(Short web captions)

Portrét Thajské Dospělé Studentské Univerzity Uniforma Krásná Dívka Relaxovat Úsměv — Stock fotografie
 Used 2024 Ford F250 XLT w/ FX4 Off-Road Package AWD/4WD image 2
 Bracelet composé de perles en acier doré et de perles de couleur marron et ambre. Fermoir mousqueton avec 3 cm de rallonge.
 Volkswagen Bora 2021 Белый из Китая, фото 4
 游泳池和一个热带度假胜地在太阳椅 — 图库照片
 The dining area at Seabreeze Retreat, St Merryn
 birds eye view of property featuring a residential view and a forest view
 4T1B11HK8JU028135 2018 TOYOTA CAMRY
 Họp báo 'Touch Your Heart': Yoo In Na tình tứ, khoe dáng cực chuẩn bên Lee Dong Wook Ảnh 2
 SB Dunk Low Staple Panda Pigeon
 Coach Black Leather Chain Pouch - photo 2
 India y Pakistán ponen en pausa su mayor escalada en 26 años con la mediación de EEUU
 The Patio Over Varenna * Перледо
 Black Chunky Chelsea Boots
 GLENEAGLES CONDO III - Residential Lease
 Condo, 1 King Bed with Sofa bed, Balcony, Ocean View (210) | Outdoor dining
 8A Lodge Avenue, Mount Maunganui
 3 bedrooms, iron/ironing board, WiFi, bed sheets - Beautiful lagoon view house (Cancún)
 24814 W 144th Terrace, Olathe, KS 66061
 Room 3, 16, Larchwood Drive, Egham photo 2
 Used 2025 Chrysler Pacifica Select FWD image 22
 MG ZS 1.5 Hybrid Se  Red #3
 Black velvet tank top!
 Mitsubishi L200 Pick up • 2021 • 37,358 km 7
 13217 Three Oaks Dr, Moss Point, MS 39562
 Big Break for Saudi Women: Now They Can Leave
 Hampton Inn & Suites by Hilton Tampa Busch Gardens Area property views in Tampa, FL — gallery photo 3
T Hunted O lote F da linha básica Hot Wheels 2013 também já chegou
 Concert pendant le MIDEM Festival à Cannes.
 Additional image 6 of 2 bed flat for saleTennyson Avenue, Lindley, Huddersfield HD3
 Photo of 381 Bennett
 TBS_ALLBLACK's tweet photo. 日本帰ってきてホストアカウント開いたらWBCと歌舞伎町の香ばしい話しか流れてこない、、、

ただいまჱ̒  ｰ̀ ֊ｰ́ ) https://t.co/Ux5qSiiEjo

Problem to solve – Output all records verbatim.

Your solution –
Portrét Thajské Dospělé Studentské Univerzity Uniforma Krásná Dívka Relaxovat Úsměv — Stock fotografie
 Used 2024 Ford F250 XLT w/ FX4 Off-Road Package AWD/4WD image 2
 Bracelet composé de perles en acier doré et de perles de couleur marron et ambre. Fermoir mousqueton avec 3 cm de rallonge.
 Volkswagen Bora 2021 Белый из Китая, фото 4
 游泳池和一个热带度假胜地在太阳椅 — 图库照片
 The dining area at Seabreeze Retreat, St Merryn
 birds eye view of property featuring a residential view and a forest view
 4T1B11HK8JU028135 2018 TOYOTA CAMRY
 Họp báo 'Touch Your Heart': Yoo In Na tình tứ, khoe dáng cực chuẩn bên Lee Dong Wook Ảnh 2
 SB Dunk Low Staple Panda Pigeon
 Coach Black Leather Chain Pouch - photo 2
 India y Pakistán ponen en pausa su mayor escalada en 26 años con la mediación de EEUU
 The Patio Over Varenna * Перледо
 Black Chunky Chelsea Boots
 GLENEAGLES CONDO III - Residential Lease
 Condo, 1 King Bed with Sofa bed, Balcony, Ocean View (210) | Outdoor dining
 8A Lodge Avenue, Mount Maunganui
 3 bedrooms, iron/ironing board, WiFi, bed sheets - Beautiful lagoon view house (Cancún)
 24814 W 144th Terrace, Olathe, KS 66061
 Room 3, 16, Larchwood Drive, Egham photo 2
 Used 2025 Chrysler Pacifica Select FWD image 22
 MG ZS 1.5 Hybrid Se  Red #3
 Black velvet tank top!
 Mitsubishi L200 Pick up • 2021 • 37,358 km 7
 13217 Three Oaks Dr, Moss Point, MS 39562
 Big Break for Saudi Women: Now They Can Leave
 Hampton Inn & Suites by Hilton Tampa Busch Gardens Area property views in Tampa, FL — gallery photo 3
T Hunted O lote F da linha básica Hot Wheels 2013 também já chegou
 Concert pendant le MIDEM Festival à Cannes.
 Additional image 6 of 2 bed flat for saleTennyson Avenue, Lindley, Huddersfield HD3
 Photo of 381 Bennett
 TBS_ALLBLACK's tweet photo. 日本帰ってきてホストアカウント開いたらWBCと歌舞伎町の香ばしい話しか流れてこない、、、

ただいまჱ̒  ｰ̀ ֊ｰ́ ) https://t.co/Ux5qSiiEjo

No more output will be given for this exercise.